▶ **Given material**
□ □ □

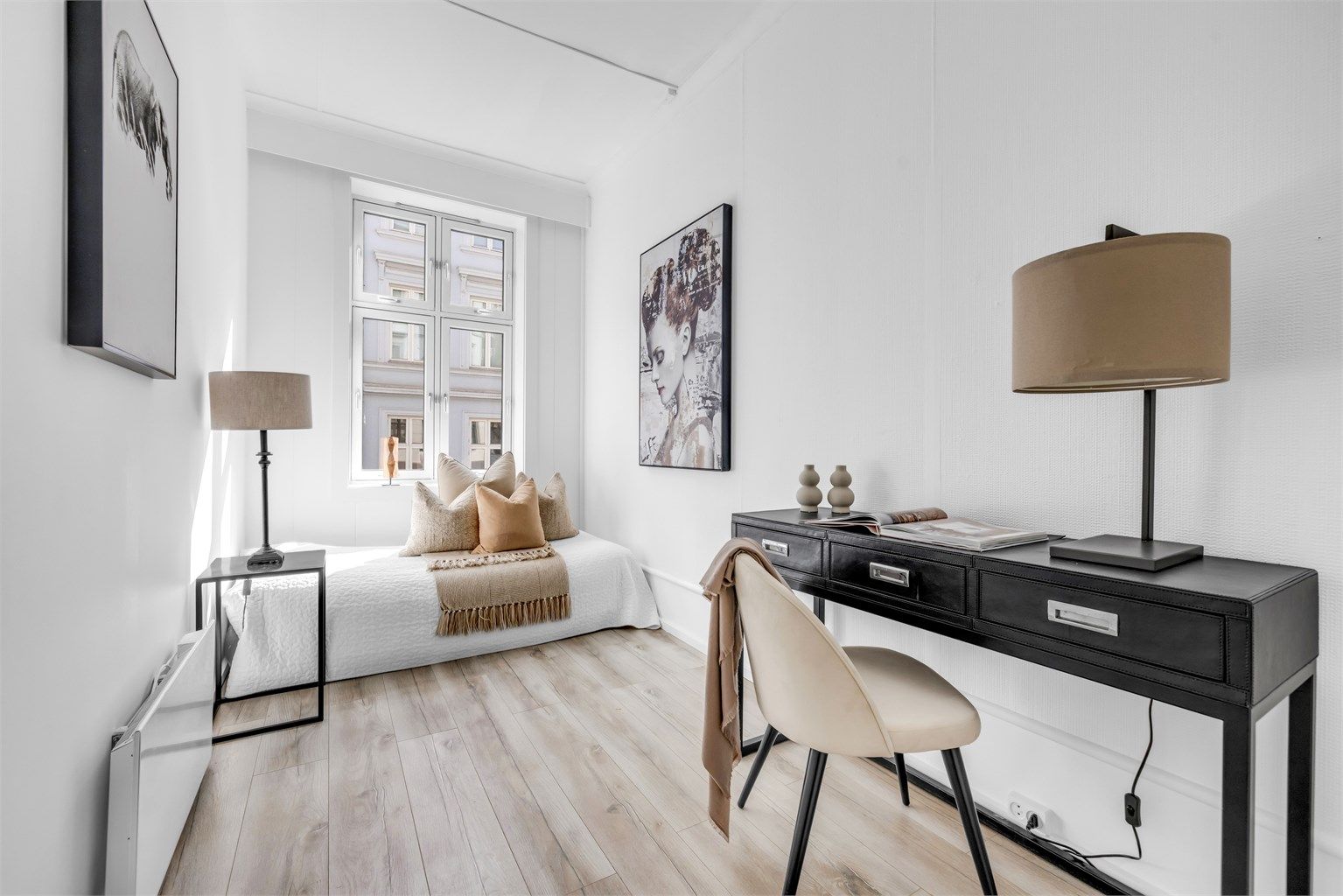 Soverom 2 har plass til dobbeltseng, nattbord og garderobeskap.
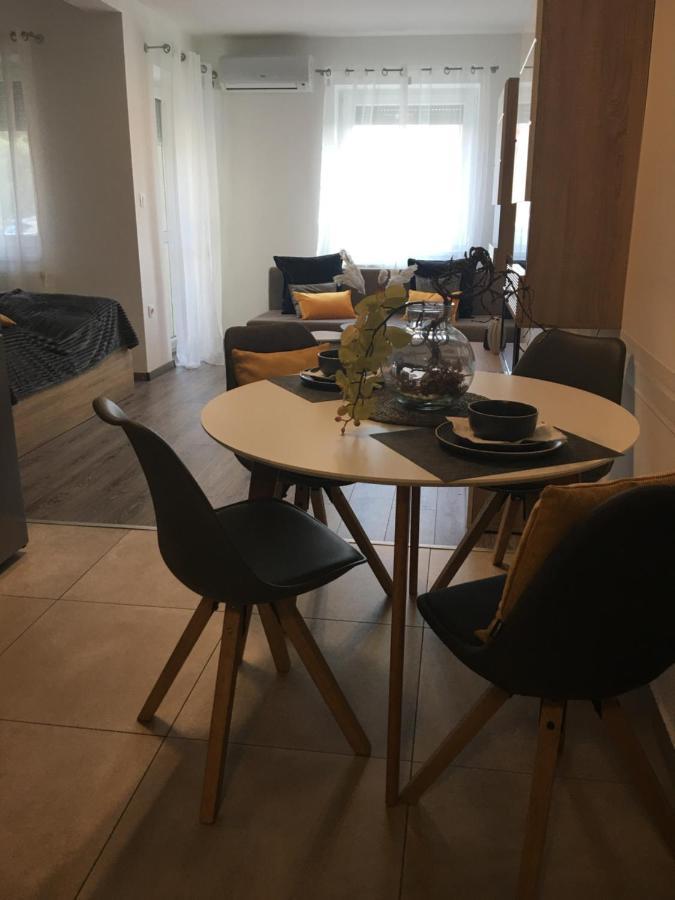 Home Apartment Sopron Eksteriør bilde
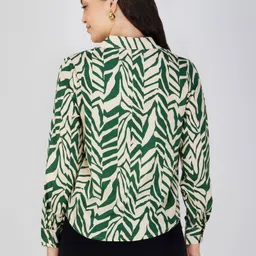 street22 Women Regular Fit Printed Casual Shirt image 2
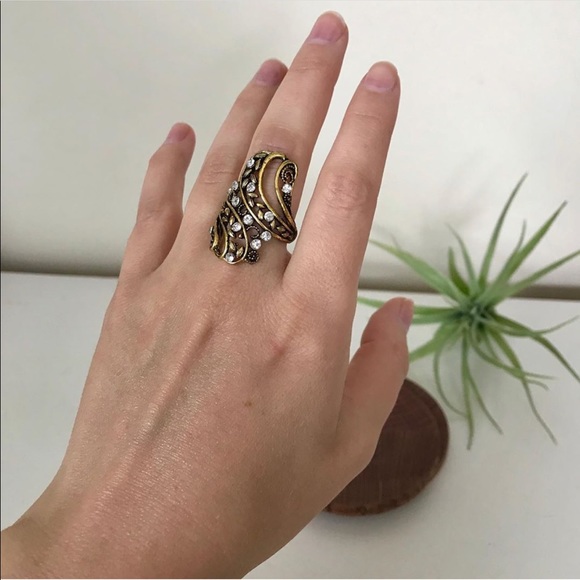 Gorgeous Gold & Crystal Statement Ring - Picture 4 of 6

□ □ □

▶ **Problem to work on**
Give back only the lines from the one that carries "Home Apartment Sopron Eksteriør bilde" through the final line above, both included. Drop all pictures.

▶ **Solution to the problem**
 Home Apartment Sopron Eksteriør bilde
 street22 Women Regular Fit Printed Casual Shirt image 2
 Gorgeous Gold & Crystal Statement Ring - Picture 4 of 6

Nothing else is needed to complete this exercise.